Hagerman's Corners was founded in 1803 by Nicholas Hagerman, who owned the property at the NW corner of the intersection. By 1878 the village had a hotel (Bee Hive Hotel) and tavern, a general store and post office (1873), and a wagon maker. In 1849, a Wesleyan Methodist church was built on a private Hagerman family burying ground; the wood-frame church was replaced by a brick building in 1874. While the church was torn down in the 1920s, the cemetery on the east side of Kennedy Road (on James Fairless' farm), north of 14th Avenue remains with former Presbyterian church demolished. A few historical homes still exist and have been revitalized in an attempt to beautify the area.
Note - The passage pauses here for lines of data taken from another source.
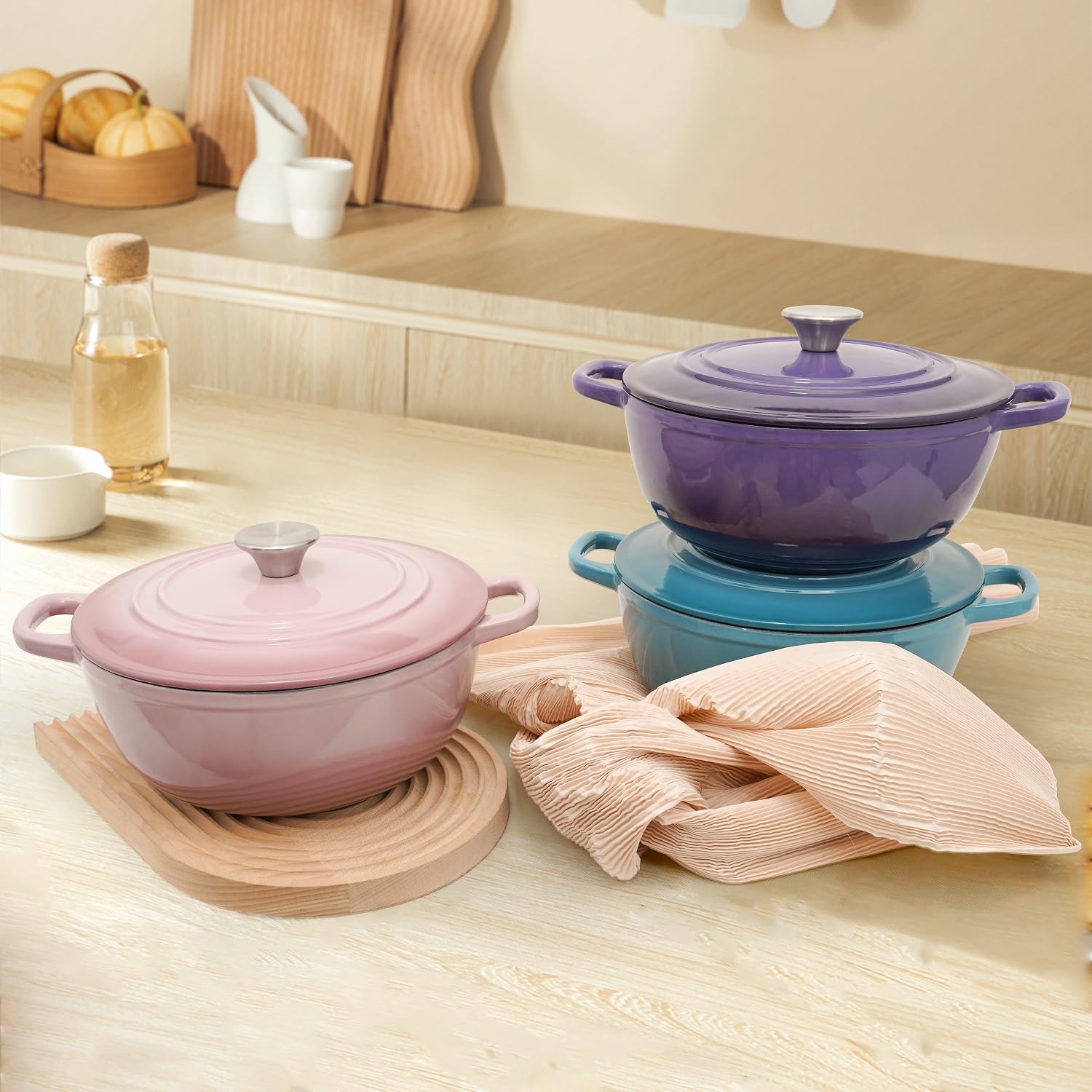4.8 QT Pink Enameled Cast Iron Dutch Oven with Lid & Handles - Perfect for Bread Baking, Stews, Soups & Camping Cooking - Heavy Duty Oven & Stovetop Safe Cookware
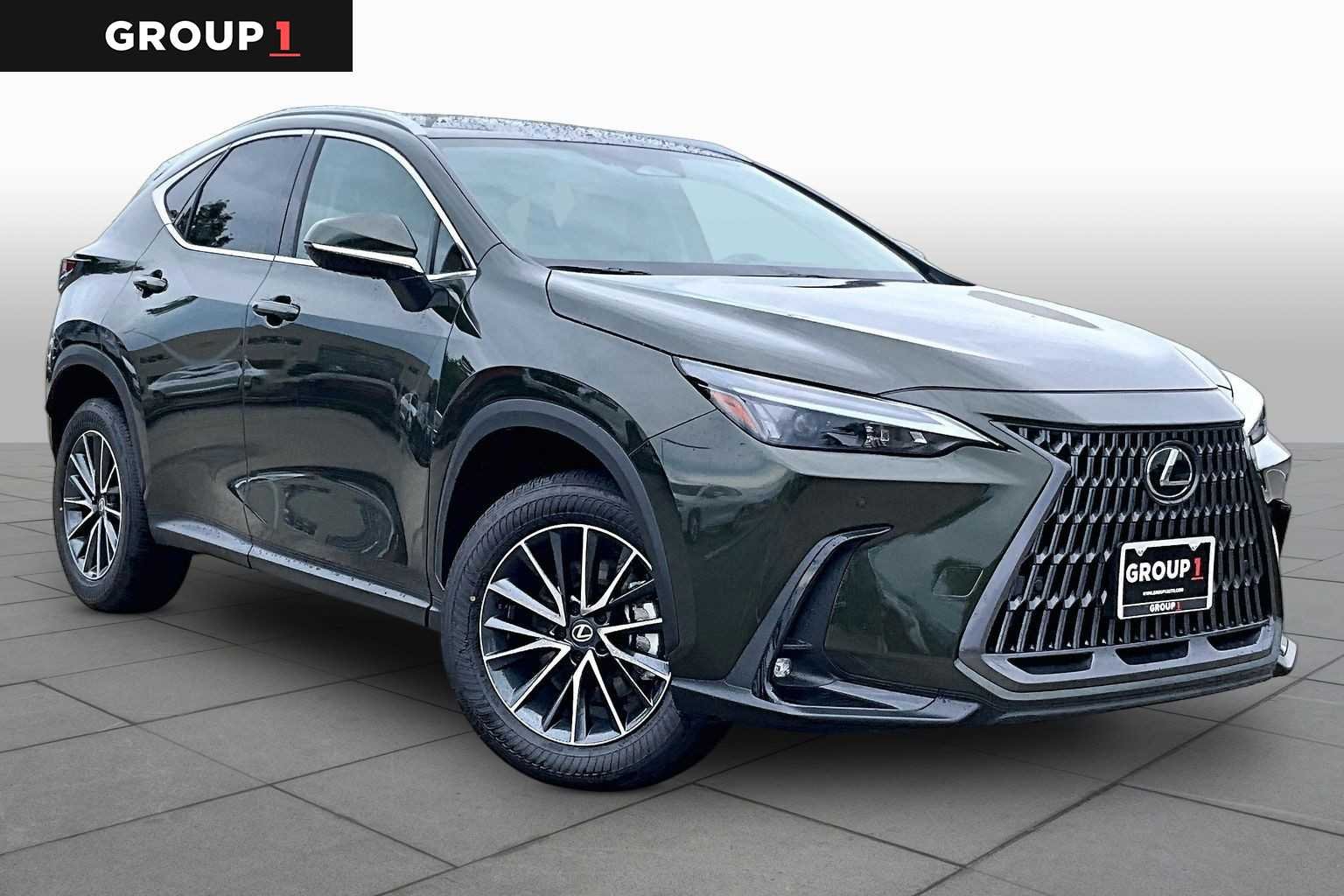 Used 2026 Nori Green Pearl Lexus  image 3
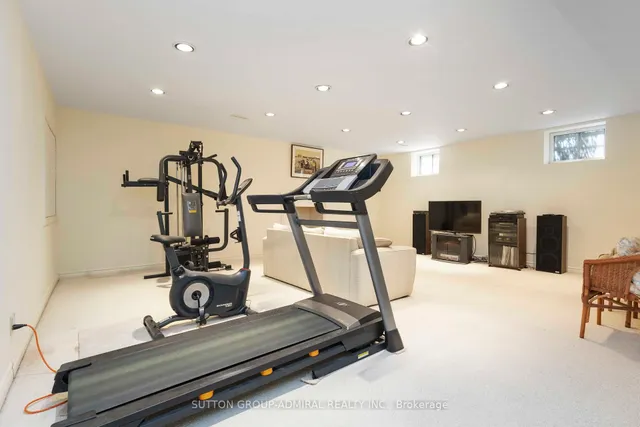 Additional image 41 of 71 Farmstead Rd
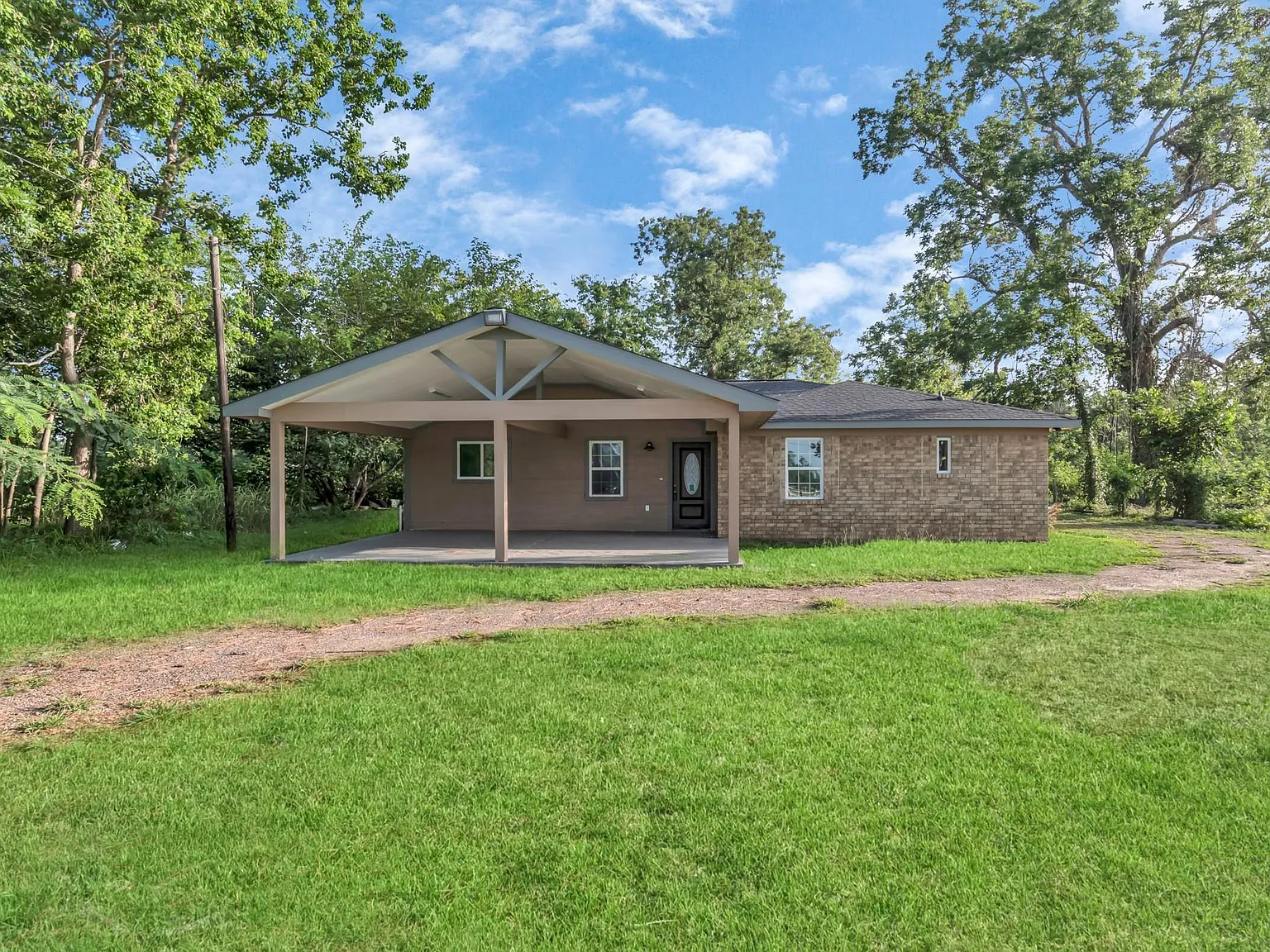 3 bed, 2.5 bath, 1380 sqft, $2,000 — Photo 3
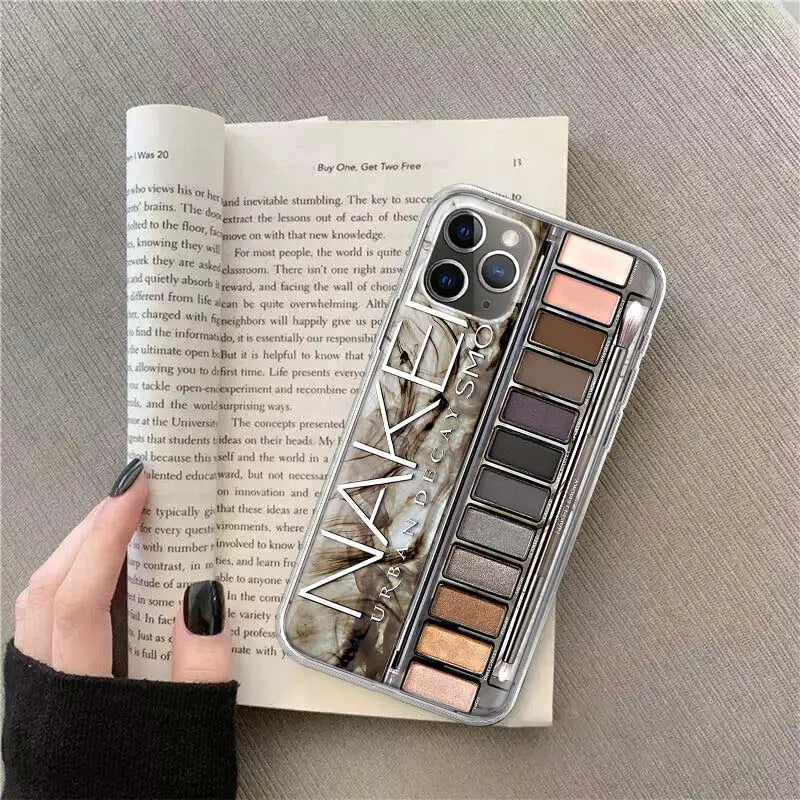 Coque iPhone fard à paupières maquillage glamour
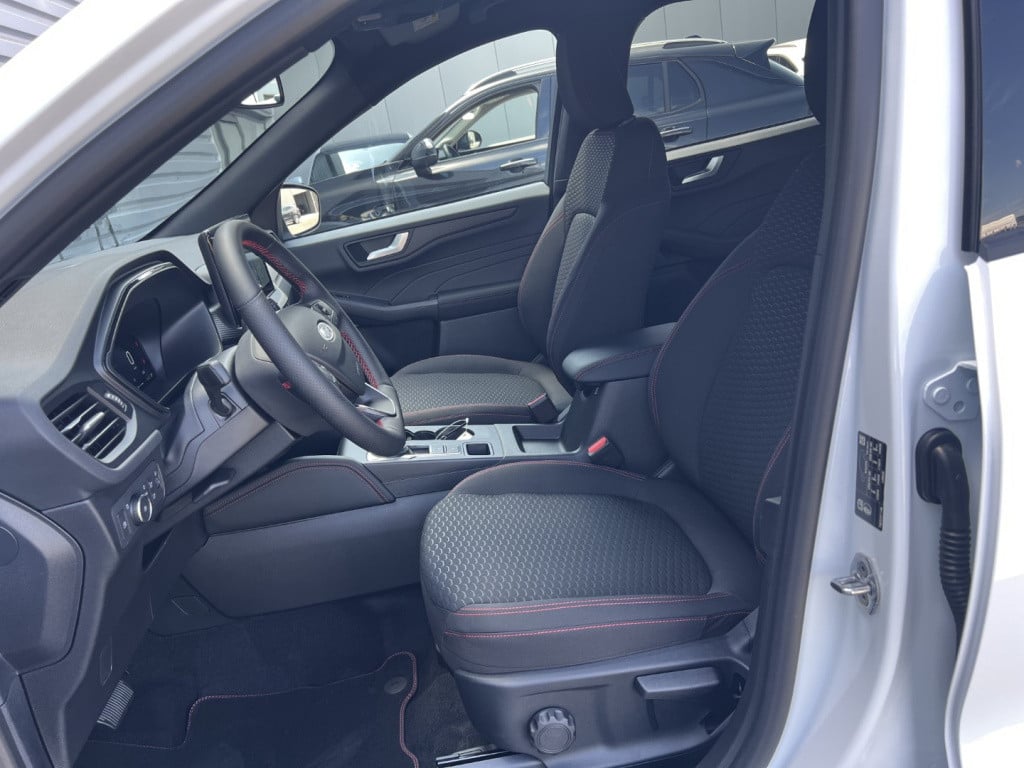 Ford Kuga 2.5 plug in hybrid 243pk e-cvt st-line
Today, the west side of Kennedy Road is home to a new public housing project for the city of Markham. Two small strip malls with mostly Chinese stores are located on the southwest corner of 14th Avenue and Kennedy Road. One of the shopping areas houses the First Choice Supermarket, a Chinese-based supermarket (formerly Big Land Farm) and Tim Hortons; the other is home to various Asian restaurants. Hagerman Mennonite Church has met in the village since 1932.

Transportation
 Highway 407 traverses along the northern edge of the community.
 14th Avenue, the main east–west thoroughfare
 Kennedy Road, traverses the eastern edge of the community.
 Warden Avenue, traverses the western edge of the community.
Birchmount Road, the main north–south thoroughfare.